Reportagem local - publicado
em 15/01/19 - atualizado em 05/11/25
O silêncio pode ser um estado de "deoversão":
um movimento interior em direção a Deus, de profunda comunhão com Ele.
O silêncio é muito importante em nossas vidas.
Mais do que a simples ausência de palavras, entendemos o silêncio como
uma capacidade para estar atento e guardar os fatos no
coração, tal como fazia Maria, Mãe de Jesus e nossa.
O homem e a mulher silentes discernem quando é
conveniente falar e quando é conveniente calar. O critério fundamental para
este discernimento é a caridade.
Pergunte-se, então, a si mesmo ou a si mesma: qual é
a razão desse meu desejo de calar, neste momento particular da minha
vida? Às vezes, este desejo pode responder a uma necessidade que
tenho de estar a sós com Deus, de ouvir com mais clareza a sua voz,
de deixar que a sua Palavra acaricie e renove meu coração, depois de um momento
muito intenso de atividade. Se este for o caso, o 'não querer falar' parece
plenamente justificado e, inclusive, pode ser uma manifestação de um chamado
especial que Deus me faz neste momento particular da minha
vida.
No seu livro sobre o Cardeal Newman, o Padre
Penido traça a personalidade do santo inglês e, entre um dos aspectos
que descobre, figura a “deoversão” que, sob um olhar superficial, pode
passar por uma simples “introversão”. Qual é a diferença entre
estes dois conceitos? Enquanto a introversão refere-se
ao estar ensimesmado, ou “voltado para dentro de si mesmo”, a “deoversão” significa
um movimento interior em direção a Deus, uma espécie de subida que a pessoa
faz, na sua experiência de comunhão com Ele.
Esta “deoversão”, que Penido descobre em Newman,
deveria ser, em realidade, uma experiência muito comum entre nós cristãos,
já que desde o nosso Batismo, a Santíssima Trindade -
Pai, Filho e Espírito Santo - habitam em nossos corações.
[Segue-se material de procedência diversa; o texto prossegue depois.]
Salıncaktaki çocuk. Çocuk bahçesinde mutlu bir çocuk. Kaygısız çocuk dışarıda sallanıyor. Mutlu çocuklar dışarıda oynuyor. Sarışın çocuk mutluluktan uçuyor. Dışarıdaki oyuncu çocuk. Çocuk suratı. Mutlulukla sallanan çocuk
Neste sentido, ao
fazer um movimento de “introspecção”, de entrar em nós mesmos, a nossa
experiência não deveria ser de solidão, mas de uma profunda
comunhão com Deus, que "é mais íntimo a mim mesmo do que eu
mesmo", como dizia Santo Agostinho.
Esta constatação de que a solidão não é o mais profundo em
nós, já que fomos criados à imagem e semelhança de Deus, e feitos partícipes,
pelo nosso Batismo, do amor trinitário, está também presente numa das obras
literárias de Karol Wojtyla (depois Papa João Paulo II).
Referimo-nos à sua obra teatral “Raio de paternidade”:
Rezar e pedir
Muitas vezes em nossas vidas, a resposta mais adequada às
situações e pessoas com as quais lidamos é realmente a de calar, a
de rezar e pedir a Deus alguma luz, antes de dizer ou fazer
alguma coisa concreta. Isto não significa isolamento, mas, pelo contrário,
reverência e constatação de que precisamos da ajuda de Deus para
nós mesmos sermos de alguma ajuda aos outros. Pode ser que, em algumas
situações, realmente Deus nos peça a nossa intervenção, inclusive através de
uma correção fraterna. Os mestres espirituais dizem que isto nunca deve ser
feito em momentos de ira ou exaltação, mas quando estivermos tranquilos.
A outra pessoa deve perceber que a nossa intenção é
realmente a de ajudar. Mesmo assim, em ocasiões a nossa correção pode
não ser bem aceita num primeiro momento. Isso foi previsto por Nosso Senhor,
quando explicou aos seus discípulos como devia ser feita a correção numa
comunidade cristã (Cf. Mt 18,15-18).
O máximo exemplo de silêncio, o encontramos no Senhor Jesus.
Basta uma leitura atenta da sua Paixão para percebermos como o Senhor escolhe
os momentos para calar e falar, sempre visando a salvação de todos, inclusive
daqueles que O crucificaram.
Depois Dele, a Nossa Mãe Santa Maria nos oferece um belo
exemplo de silêncio. São pouquíssimas as suas palavras nos Evangelhos,
sempre reverentes e em sintonia com a vontade de Deus. Quiçá um dos momentos
mais emblemáticos é o das Bodas de Caná, passagem que é uma verdadeira escola
de silêncio e de intimidade com seu Filho, expressa em gestos e palavras. O
que a leva a intervir, a pedir o milagre é a preocupação pelos noivos, próprias
da mãe e da intercessora que é de todos os homens e mulheres.
Peçamos a Ela que nos ajude a viver o silêncio,
a saber quando falar e quando calar, para que ambos sejam em nós uma
concretização do amor, tal como o foram na vida Dela.